Взгляд же Карамзина на критику не переменился: все читать, ни на что не отвечать. На контркритику времени не имеет. Более того, он согласен с мнением декабриста Никиты Муравьева: „Горе стране, где все согласны. Можно ли ожидать там успехов просвещения? <…> Честь писателю, но свобода суждениям читателей“.
Отругиваться некогда и незачем – надо работать. Если б это правило легко давалось, если б имелась нужная доза безразличного равнодушия, тогда не было бы никакой проблемы, но и не было бы, наверное. Истории…
Немногие особенно близкие собеседники знали, сколько сдавленной нервности таилось под внешней маской благоразумия. Александр Тургенев однажды вдруг слышит, как историк досадует на холодные разборы в печати, после которых – не бросить ли работу? Наконец, по настоянию Дмитриева Карамзин составил целую тетрадь антикритики, услыхал, что старый друг очень ею доволен – и тотчас кинул рукопись в камин!
Когда же Каченовский баллотируется в Российскую Академию, Карамзин объявляет, что „критика его весьма поучительна и добросовестна“: он не только сам за него голосует, но (воспользовавшись правом выступать от имени отсутствующих) присоединяет голоса Дмитриева, Жуковского, Оленина.
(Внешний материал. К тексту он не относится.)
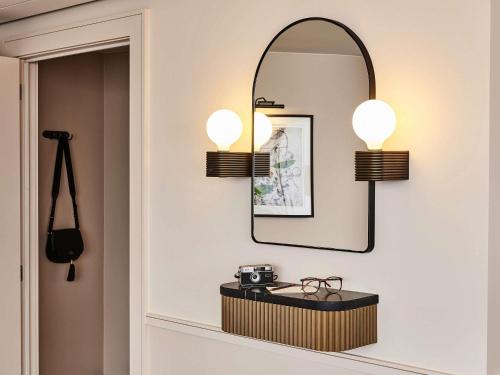 One - Bedroom Prestige King Suite with Separate Living Area del hotel Sofitel Brussels Europe. Foto 3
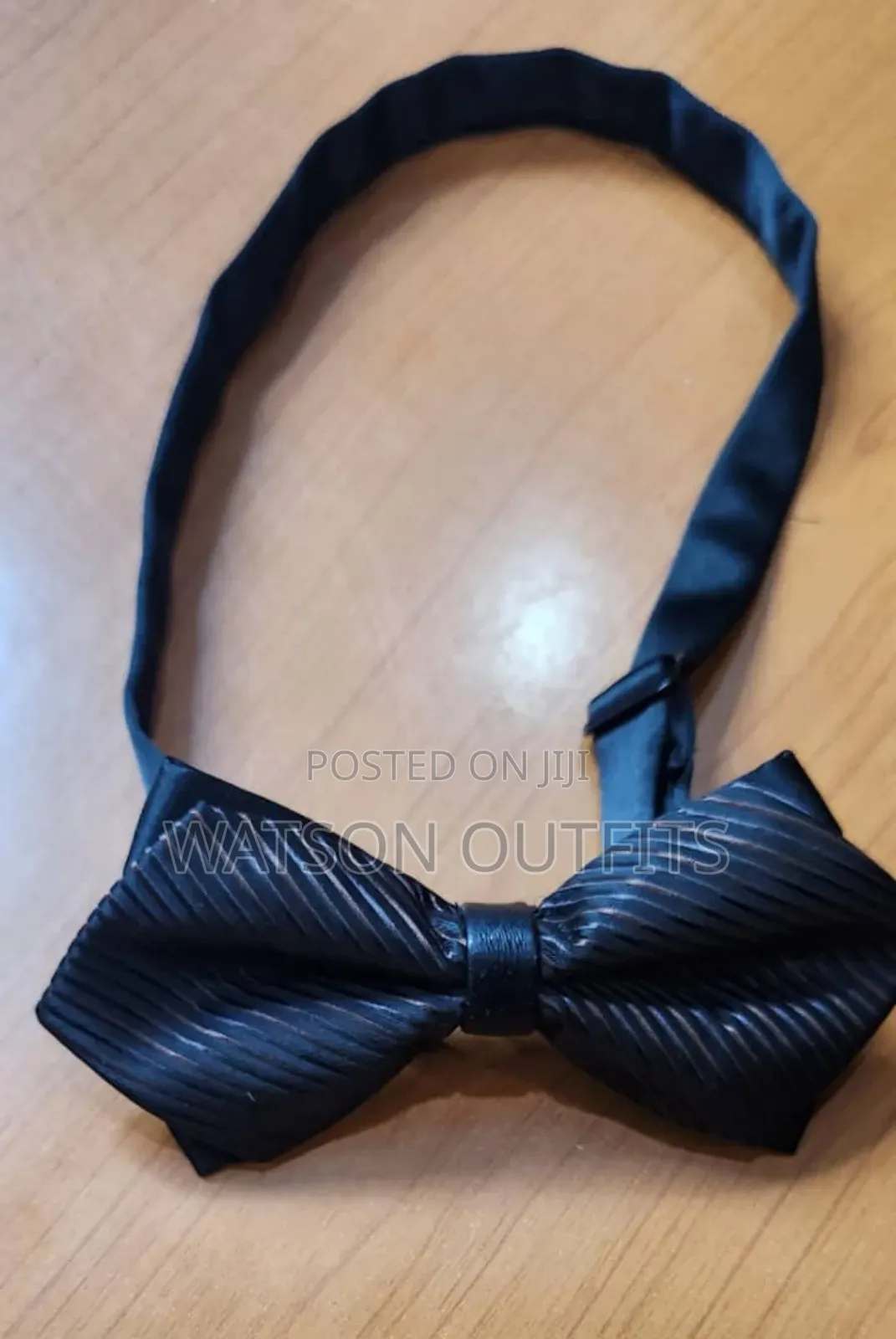 Medium Sized Bowtie New and Original for Men's and Women's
Зато найдя вдруг среди „десяти или двадцати“ неинтересных комплиментов те слова, которые хотел бы услышать, историограф не может скрыть потаенных чувств. По поводу умного разбора во французской печати заметит: „Moniteur тронул… этот академик посмотрел ко мне в душу: я услышал какой-то глухой голос потомства“. Французский отзыв, конечно, отыскали. Вот он: „Автор представляет обширную картину своего отечества от глубокой древности до нашего времени. Его размышления, всегда основательные, продиктованы здравой философией и беспристрастием, его стиль серьезен, выдержан и одушевлен каким-то духом чистосердечия, национальности (если позволительно так выразиться), который показывает в историке не только ученого, но в первую очередь честного человека (l'honnete homme avant le savant)…“
Так во французской газете зазвучали слова, позже подхваченные и переданные потомству Пушкиным: „Подвиг честного человека…“, „простодушие, искренность, честность“.
Вот о чем думал, как понимал себя и свой труд Карамзин и уверенно продолжал сочинять все в той же своей манере, накаляя и восторг и критику…
Нелегко, часто и невозможно определить, с какой стороны атакуют Историю. Правда, прежние доносы и полудоносы справа (насчет безбожия, якобинизма и проч.) притихли (автор поощрен царем!), ученая же критика, как правило, политических мотивов прямо не касалась… Зато теперь, с 1818 года, появились суждения, которых раньше не было. Обвинения, которые никак не могли уж попасть в легальный журнал или газету.